After a bruising nine months for Parliament as an institution, there is a widespread desire to see a new House and a fresh start. There are, of course, those of us who are somewhat schizophrenic on this subject for, as I write, something like 150 of us have decided that we will not be contesting the next General Election. There will be more Members standing down than at any General Election since the Second World War – and possibly since 1832. There could be at least 300 new Members after 6 May, if that is when the election is held.
As one who has loved the House of Commons, and who will miss it greatly, I care deeply for the future after the distressing and demoralising events of this last year. So I hope that what I am going to say will not be regarded as special pleading. However, I do think that someone who knows, and cares, for the House should try to make a case. I am prompted to do so by the consultative document put out by the new body established to oversee the administration of Members’ expenses and allowances. It shows no real knowledge or proper understanding of the unique nature of Parliamentary life.
It does not, for instance, take account of the fact that every Member, save those who hold office, receives the same salary. Nor does it pay sufficient regard to the fact that being a Parliamentarian takes up almost seven days a week for those months of the year when Parliament is in session. Nor does it properly acknowledge that the British Parliament sits for longer than any other. And though many occupations involve a degree of travelling, I can think of no other where the person concerned is always going to a place of work, and is potentially on duty at all times, with no one to share a timetable or a rota. Even during the long Parliamentary recess in the summer – often mistakenly castigated as a long holiday – the average Member will work a good 40-hour week in their constituency.

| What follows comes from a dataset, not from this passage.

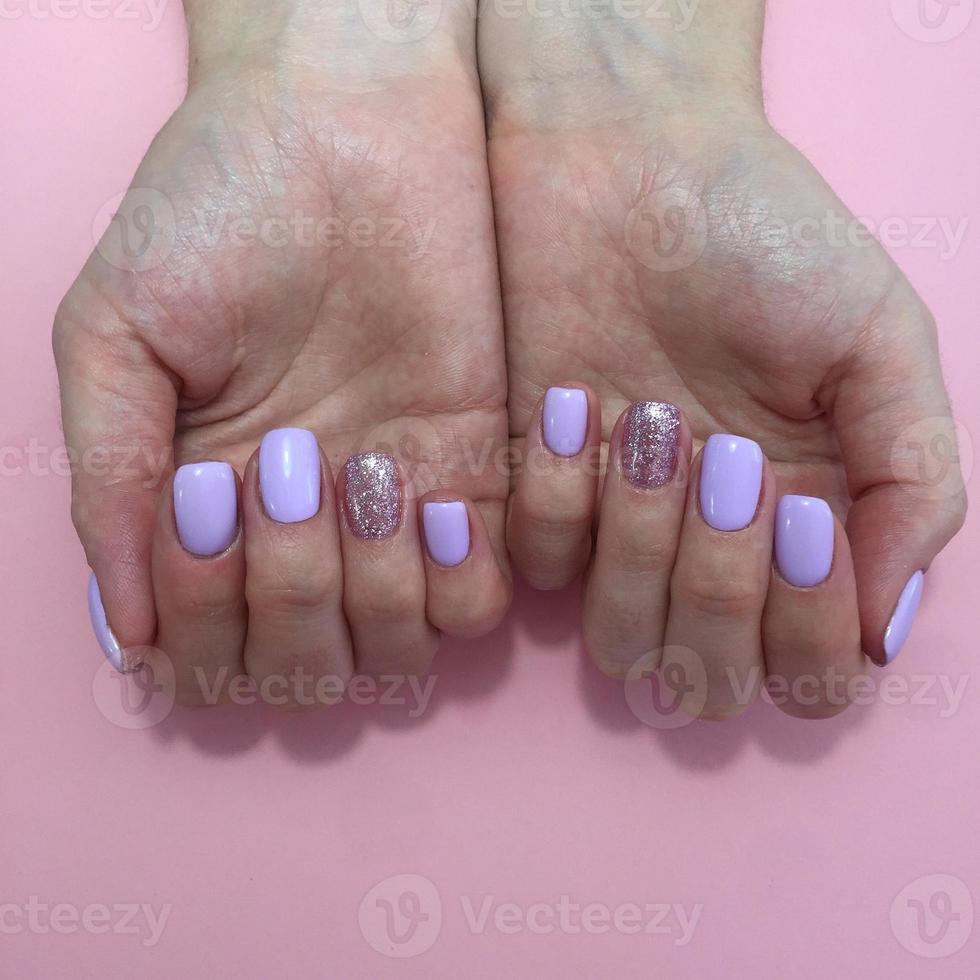 Manicure of different colors on nails. Female manicure on the hand on pink background photo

But enough looking inwards. My greatest hope for the General Election is that there will be a high turnout and that electors will truly want to take part in the democratic process. Inevitably, there will be great focus on the party leaders, Mr Brown and Mr Cameron in particular. But remember that only the voters in their individual constituencies can actually vote for the Prime Minster or the Leader of the Opposition.

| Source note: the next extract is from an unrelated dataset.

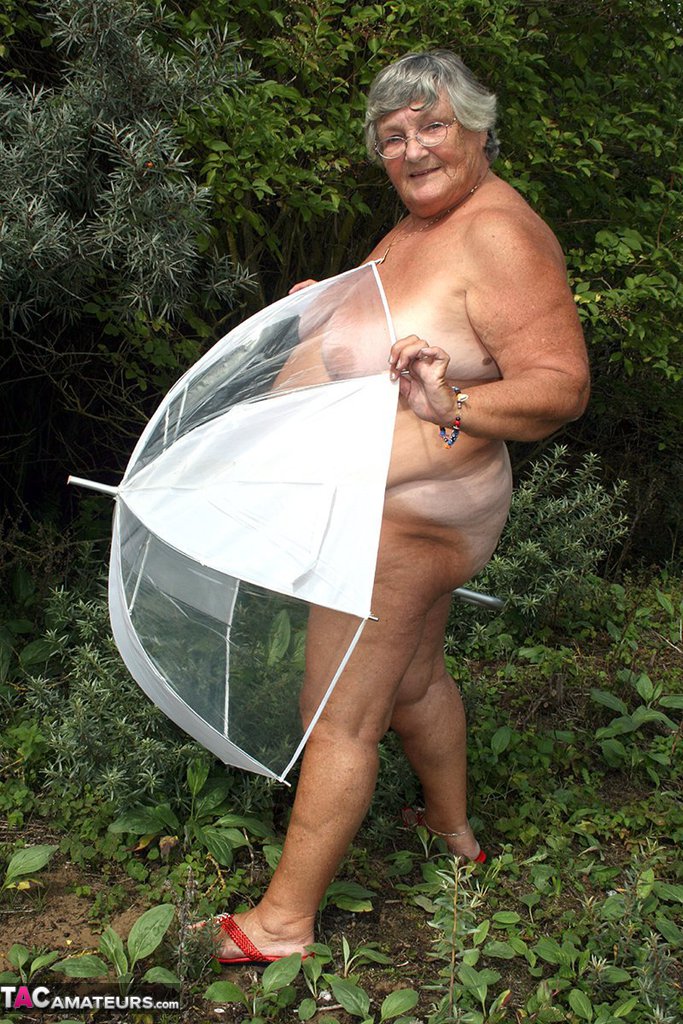 Obese oma Grandma Libby holds an umbrella while posing naked by fir trees ポルノ写真 #428543504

To every registered elector who is reading this, I would say: ‘Do not allow this contest to become too presidential in the theatre of your mind. Remember that you are voting for someone to represent you.’
To any candidate, I would say: ‘Do not rely on your leader to carry you to victory but work for your own votes. Hold meetings in your own constituency. Give every elector the chance to question you.’
I have fought each of the last 12 General Elections, and won 10 of them. In every single one, I have conducted a vigorous campaign of local meetings. However, in 2005 I was one of only a handful of Members to do this. I hope that this year many more will do likewise.
When Mr Cameron was elected leader of the Conservative Party, he famously said he wanted to abandon the Punch and Judy style of Prime Minister’s Questions. For reasons that I understand, and sympathise with, he has found that pledge impossible to implement. But if he does become Prime Minister, I hope he will have another go from the other side of the House.
I hope too that he will strengthen and invigorate the Parliamentary week either by having Prime Minister’s Questions twice a week – as every Prime Minister before Tony Blair did – or that he will move Prime Minister’s Questions to Thursday from its current Wednesday slot. Thursday is very much a dead day now and yet I remember a time when it was the busiest and most exciting day of the Parliamentary week. If, on the other hand, Mr Brown gets another lease of Prime Ministerial life he can set his own stamp on his own mandate by initiating similar changes.
Looking back over the years that Mr Brown has been Prime Minister, I reckon the most disappointing aspect of Parliamentary life has been the bitter personal animosity between the two main party leaders. The adversarial style of politics in Britain inevitably means there is a good deal of charge and counter charge that is an everyday part of the cut and thrust of parliamentary life – and indeed there is something invigorating about it. But having seen seven Prime Minister’s in action, and no less than 10 Leaders of the Opposition, I do not remember a time when the invective has sounded as bitter and barbed as it has since June 2007.
I was reminded of this the other day when I read how Jim Callaghan insisted that Margaret Thatcher was properly briefed on Trident while she was still Leader of the Opposition – even though his civil servants tried to persuade him that this was beyond the call of duty. We live in dangerous and challenging times and so I do hope that Mr Brown is emulating his distinguished predecessor during this pre-election period.